Nancy tells a similar story about visits to her grandmother and the "coffee milk" she drank there. Her husband has a more cosmopolitan coffee back story.
Mac's father became an enthusiastic patron of Turkish coffee houses during a visit there during Mac's childhood. The Turkish coffee set he brought home is now retired, but Mac still likes his morning coffee à la Turque.
"Every morning he makes a Turkish style coffee in an ibrik. He mixes two teaspoons of Cafe Du Monde and now he's cutting it with a Lebanese coffee called Cafe Najjar, adds two sugar cubes and some boiling water.

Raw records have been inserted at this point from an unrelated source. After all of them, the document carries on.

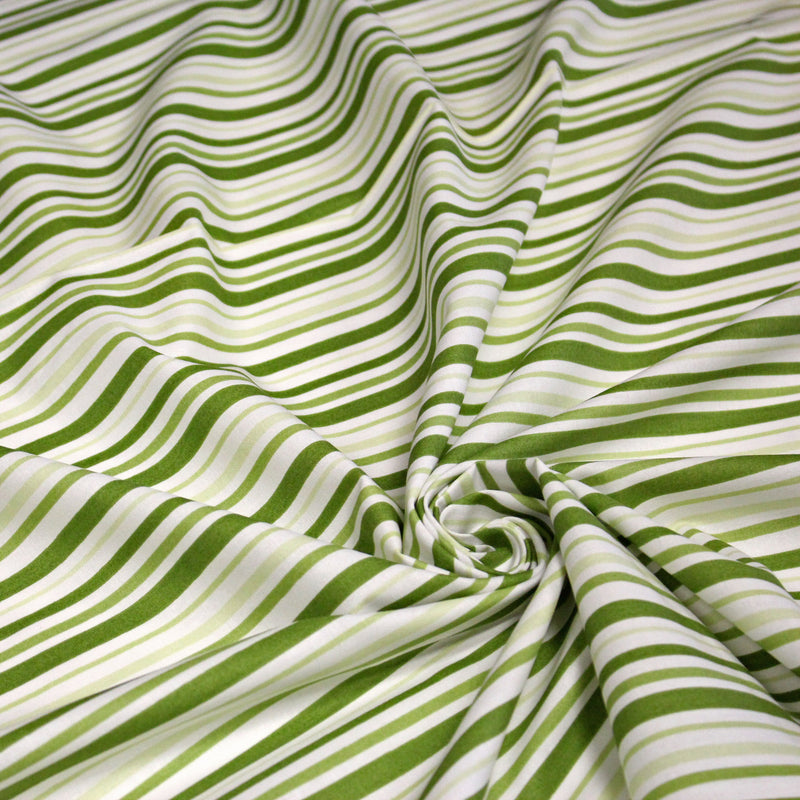 Tissu cotonnade aux rayures vertes et blanches - tissuspipi.com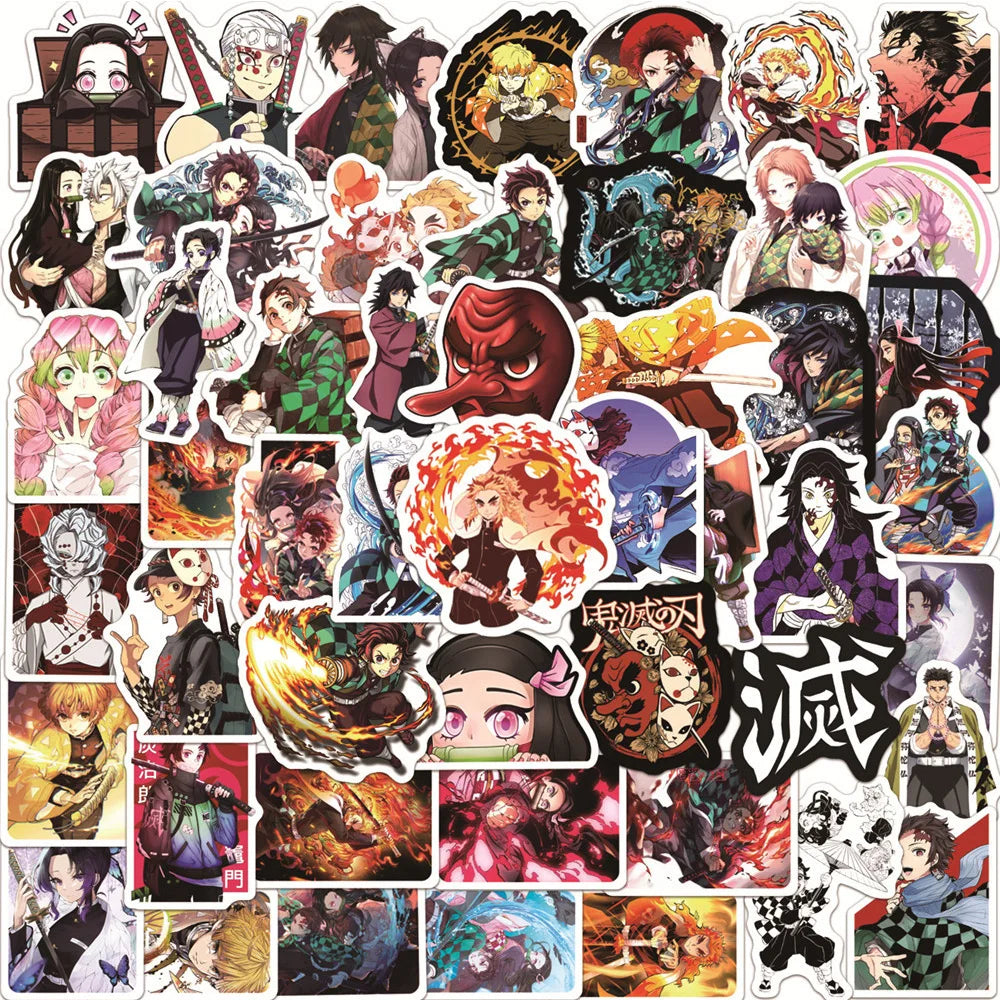 Lot de 50/100 autocollants dessin animé Attack On Titan Jujutsu Kaisen, autocollants imperméables pour skateboard, ordinateur portable, voiture, moto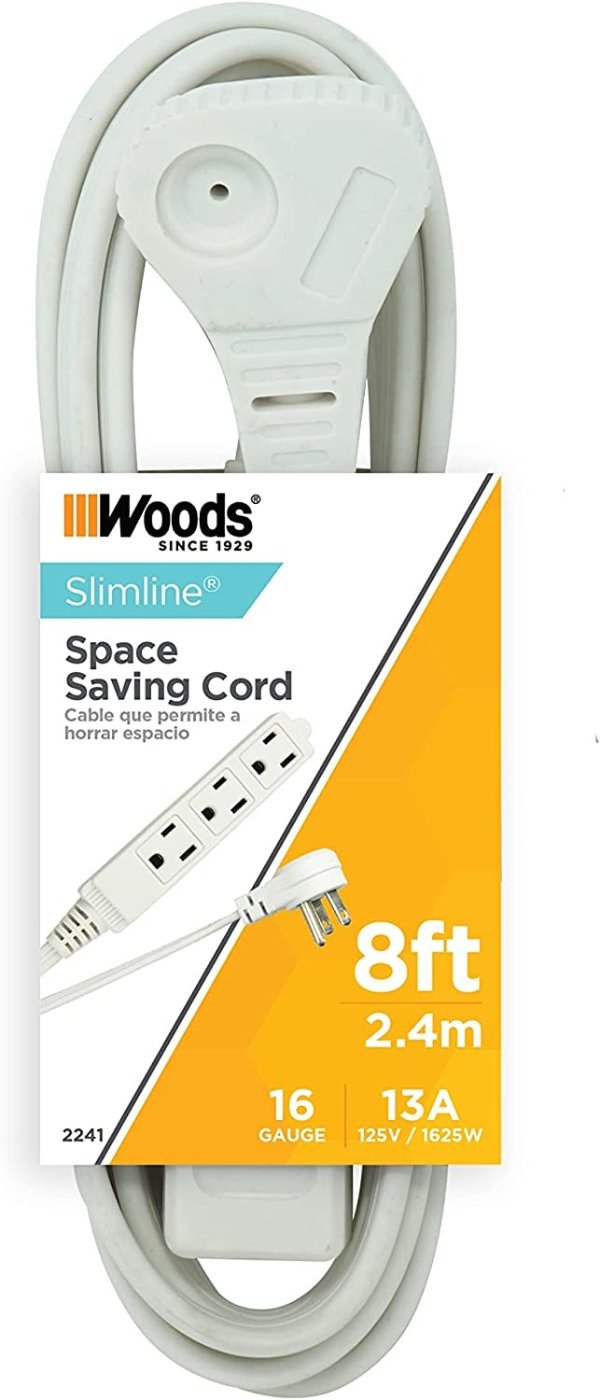 Woods SlimLine 2241 16/3 Flat Plug Indoor Extension Cord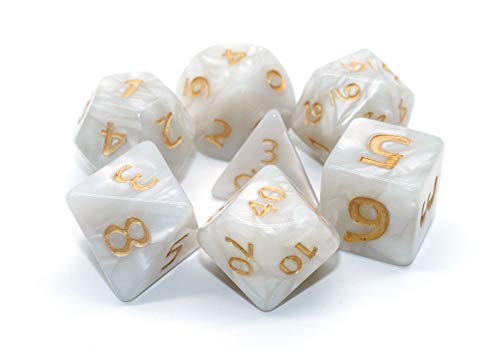 Dice- 25mm DND RPG Dice Set for Dungeons and Dragons D&D Pathfinder MTG Role Playing Dice Giant White Polyhedral Dice with Dice Bag - color: White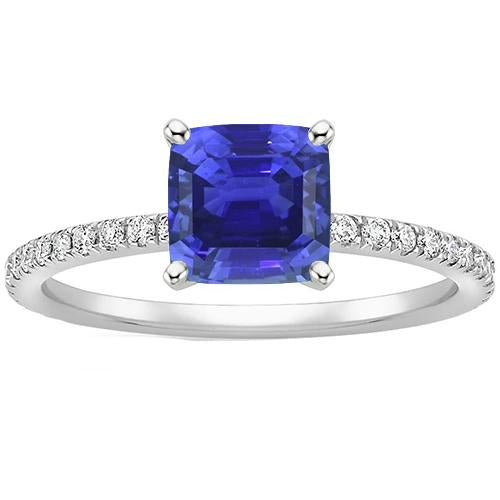 Bague Or Diamant Coussin Saphir Sri Lankais Avec Accents 3 Carats - HarryChadEnt.FR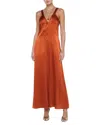 L Agence L'agence Kellen Button Front Silk Dress In Brown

I love Turkish coffee but I don't love what he does with this."
Nancy thinks Mac enjoys the ritual of coffee making as much as the coffee itself. Me, not so much. I just want a straight shot with a minimum of fuss. I've been an espresso drinker since my teens. I picked up the habit in New York's Little Italy where I'd sip one with a cannoli while channeling my inner wiseguy.
Nancy's son Nate is a coffee lover, too. "He's a real Seattle kid. He lives to hang-out in cafés." Nancy prefers to drink her coffee at home. Me too. I haven't spent time in cafés since bongos went out. But if one opens up around here that hosts the ghosts of Samuel Johnson and his Turk's Head crowd I'll be there.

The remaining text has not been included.